## What the exercise asks:
Make an exact copy of the lines from the one containing "Shower Foot Rest" through the end of the records below, and leave out every picture.

## Records:
>>

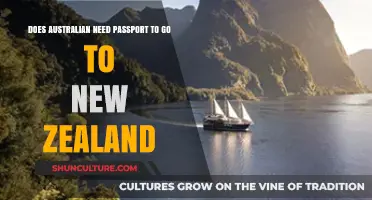 Do Australians Need a Passport to Travel to New Zealand?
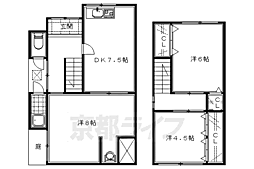 京都市伏見区深草スゝハキ町の一戸建て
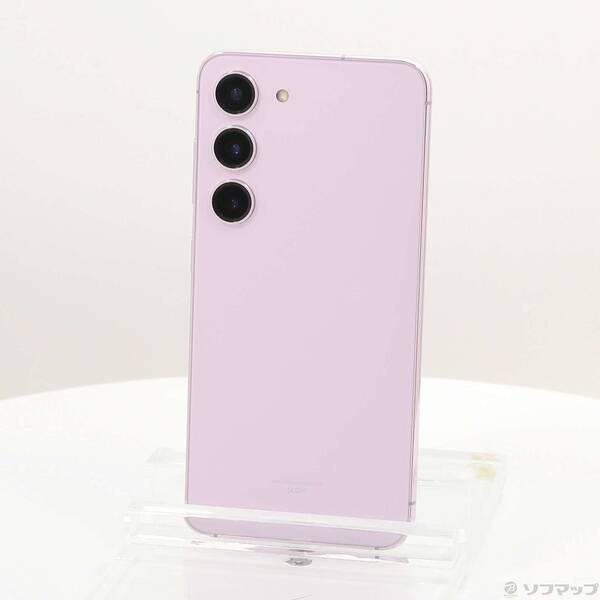 〔中古〕SAMSUNG(サムスン) Galaxy S23 256GB ラベンダー SCG19 au SIMフリー〔297-ud〕 | 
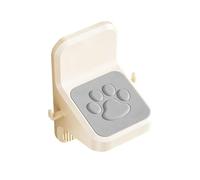 Shower Foot Rest - Aesthetic Shaving Bench, No-Drill Wall Mount with Integrated Hooks, Reinforced Stability Support, Stress Reliever Grip, Bathroom Accessory for Toilet Bathtub Spa Home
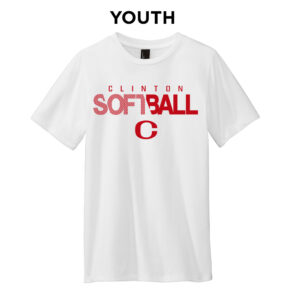 River Queen SB Youth Perfect Tri blend Tee-White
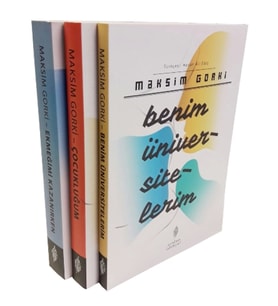 Gorki Otobiyografik Üçleme  (3 kitap)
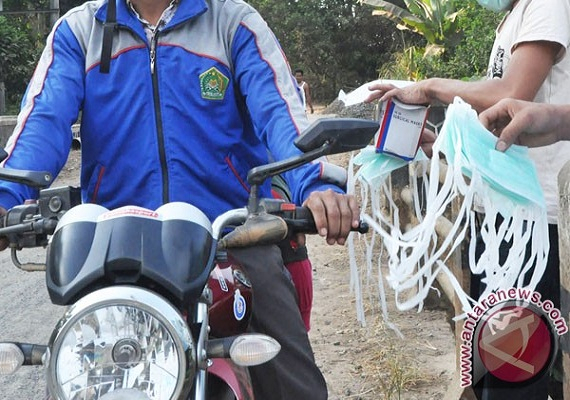 BMKG Semarang: Kabut Asap Karena Kebakaran Gunung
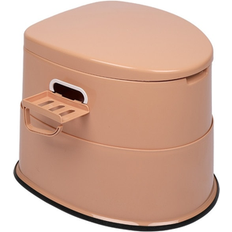 No Portable Waterless Toilet 15.5 In L X 15.5 In W X 18.0 In H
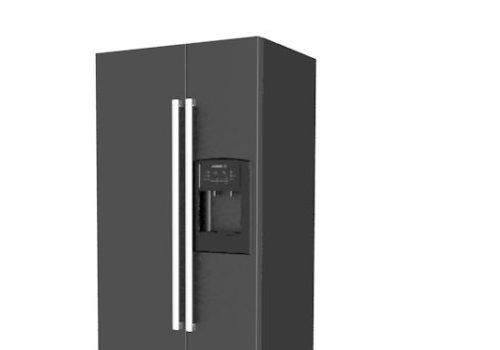 Home Refrigerator With Ice Maker
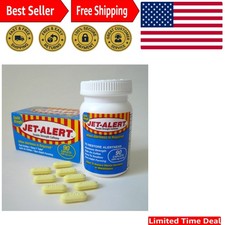 360 Gluten-Free Caffeine Caplets by Jet Alert - Double Strength for Alertness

<<

## Answer section:
 Shower Foot Rest - Aesthetic Shaving Bench, No-Drill Wall Mount with Integrated Hooks, Reinforced Stability Support, Stress Reliever Grip, Bathroom Accessory for Toilet Bathtub Spa Home
 River Queen SB Youth Perfect Tri blend Tee-White
 Gorki Otobiyografik Üçleme  (3 kitap)
 BMKG Semarang: Kabut Asap Karena Kebakaran Gunung
 No Portable Waterless Toilet 15.5 In L X 15.5 In W X 18.0 In H
 Home Refrigerator With Ice Maker
 360 Gluten-Free Caffeine Caplets by Jet Alert - Double Strength for Alertness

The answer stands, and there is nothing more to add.